About Ocean Dead Zones

Ocean dead zones are ocean regions where the amount of oxygen dissolved in the water has fallen so low that most or all marine life is incapable of surviving and has either died or fled to nearby, more oxygen-rich areas. There are currently several hundred known dead zones around the world, ranging from less than a square mile to tens of thousands of square miles in surface area.

– About Dead Zones –

Dead zones can result when the number of basic chemical nutrients in the water increases to the level that eutrophication occurs, in  which enormous blooms of single-celled and plant-like organisms such as algae occurs, using up available oxygen. (Algae do produce oxygen through photosynthesis to an extent during the day, but consume more through respiration at night, and through decomposition after they die.) The result is that oxygen in the area is drawn out of the water, leaving less available for other marine life. If oxygen levels fall far enough, then marine life is unable to survive on what remains. The process would be exactly analogous to what surface life, including humans, would suffer if oxygen were somehow drawn out of the atmosphere.

Although algae blooms are a well-understood natural cause of oxygen depletion, it is believed that an increase in dead zones in recent times is also the consequence of human alteration and pollution of the environment. In particular, chemicals released into the water via fertilizer, sewage, and city waste can cause dead zones or eutrophication (the process described above).

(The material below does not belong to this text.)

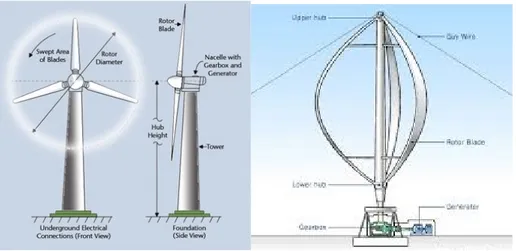 Gambar 1. Turbin Angin tipe (a) Horisontal dan (b) Vertikal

There is, of course, a considerable range of increasingly severe effects resulting from lowering oxygen levels, rather than a simple “termination” point. As oxygen levels fall, the evidence suggests that fish reproductive rates decline. Fish and fast-moving animals probably move toward oxygen-rich areas where possible, but small bottom-dwellers, like clams and lobsters, as well as animals naturally found in large and more-or-less immobile colonies, would not be able to relocate in the same way and, if oxygen levels fall far enough, must perish.

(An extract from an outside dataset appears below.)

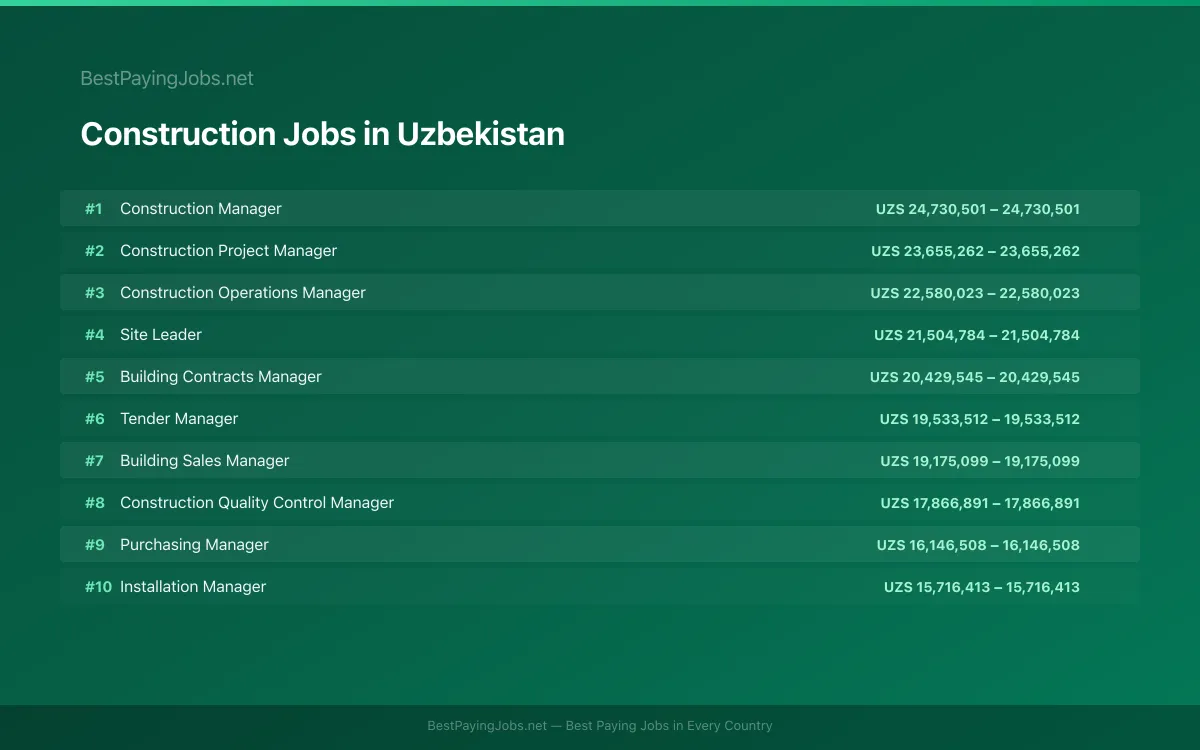 Highest paying Construction jobs in Uzbekistan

Several hundred dead zones have been identified in oceans around the world. These include dead zones in the northern Gulf of Mexico, the Pacific Northwest, and parts of the Black Sea, the latter of which is a natural phenomenon resulting from stagnant water. Those which attracted the most early concern were in the Chesapeake Bay, U.S., the Kattegat strait in Scandinavia, and elsewhere. Where the Mississippi deposits the detritus of Midwest agriculture into the northern Gulf of Mexico, a gargantuan dead zone has developed which spans over 8500 square miles. The Gulf of Mexico will likely develop another massive dead zone as a result of the BP oil spill at Deepwater Horizon, oil plumes from which will have a devastating effect on marine life.

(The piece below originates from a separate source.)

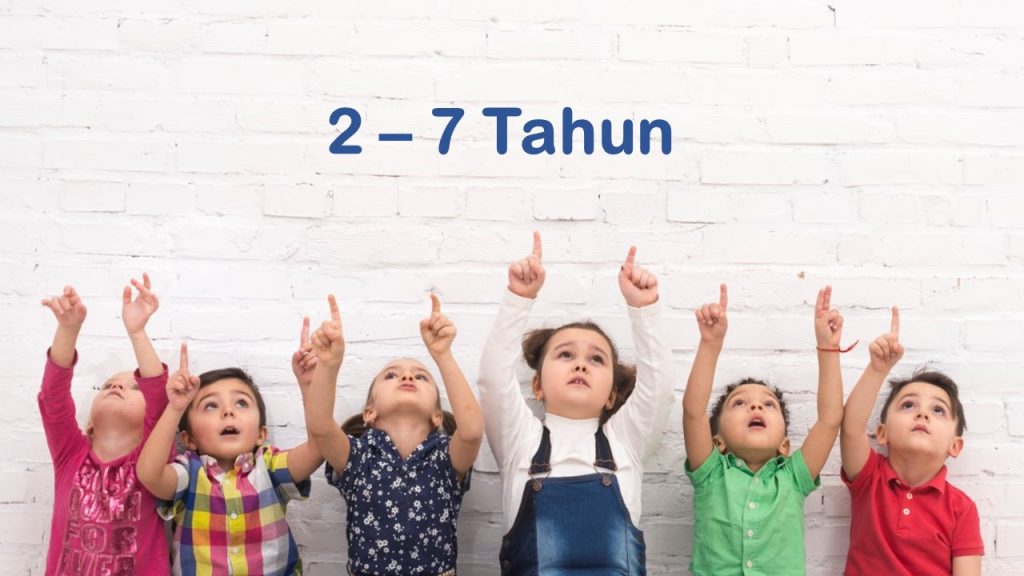 Perkembangan Psikologi Anak - Remaja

Where dead zones are a product of human pollution, in theory they can be mitigated or even eliminated through conservation efforts. The Black Sea itself became largely a dead zone as a result of fertilizer pollution during the Soviet era, but has recovered to a considerable extent since the Soviet collapse took with it much of the agricultural activity which affected the sea. European and North American pollution control efforts have also had some success reducing dead zones resulting from pollutants running out to sea via major rivers.